BEGIN SOURCE INFORMATION
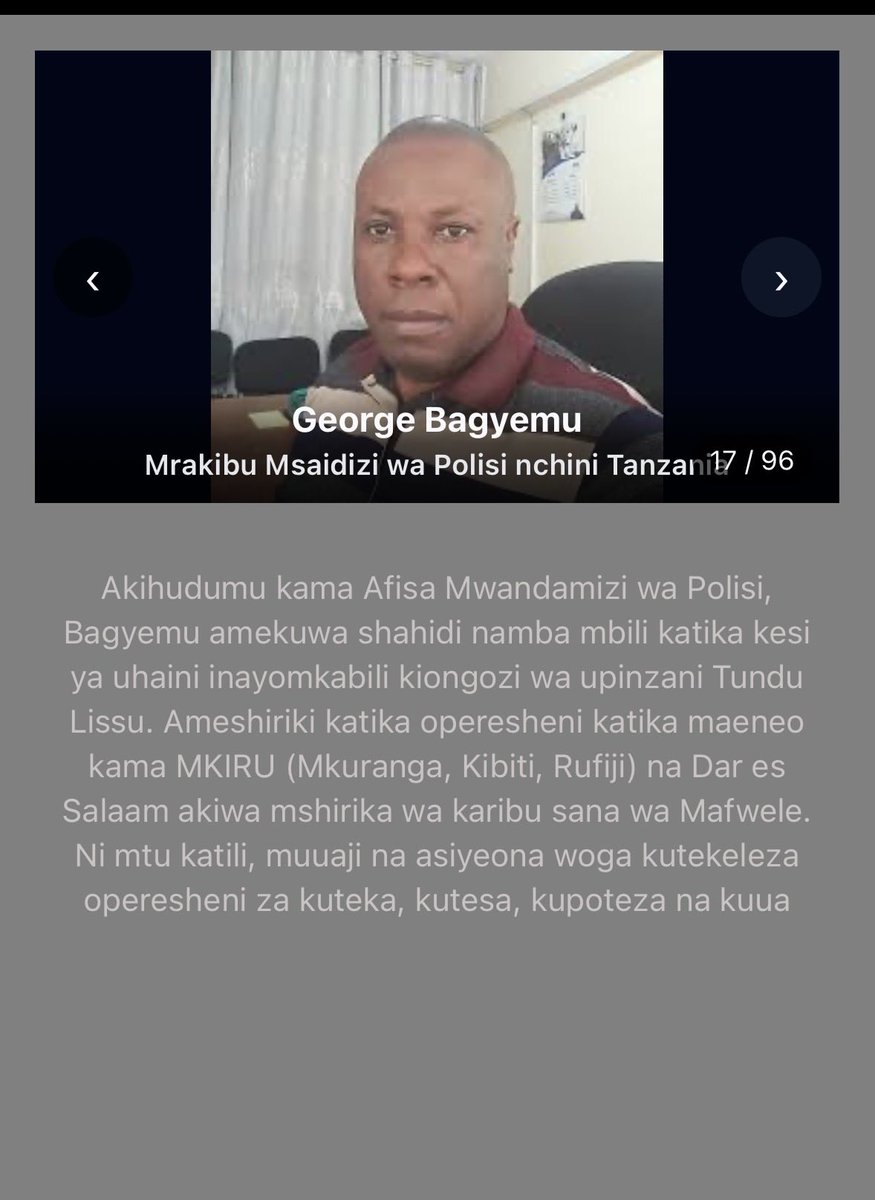 UHURU12345's tweet photo. ORODHA YA UWAWAJIBIKAJI 

Orodha ya watu wanaotajwa kuhusishwa na mauaji na ukiukwaji mkubwa wa haki za binadamu wakati wa uchaguzi wa mwaka jana, pamoja na wale wanaotuhumiwa kuhusika katika vitendo hivyo vinavyoendelea.

LIST OF ACCOUNTABILITY  A list of individuals alleged to have been involved in killings and serious human rights violations during last year’s election, including those accused of continuing to be involved in such abuses.

@SuluhuSamia @ikulumawasliano @amnesty
@hr @UN_HRC @UN @UNHumanRights
@Europarl_EN @commonwealthsec @IPUparliament
@UMBorgerservice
END SOURCE INFORMATION
**TASK TO CARRY OUT**
All lines from the one holding "LIST OF ACCOUNTABILITY" through the end of the entries need to be given again exactly. Leave out the others.

**RESULT BELOW**
LIST OF ACCOUNTABILITY  A list of individuals alleged to have been involved in killings and serious human rights violations during last year’s election, including those accused of continuing to be involved in such abuses.

@SuluhuSamia @ikulumawasliano @amnesty
@hr @UN_HRC @UN @UNHumanRights
@Europarl_EN @commonwealthsec @IPUparliament
@UMBorgerservice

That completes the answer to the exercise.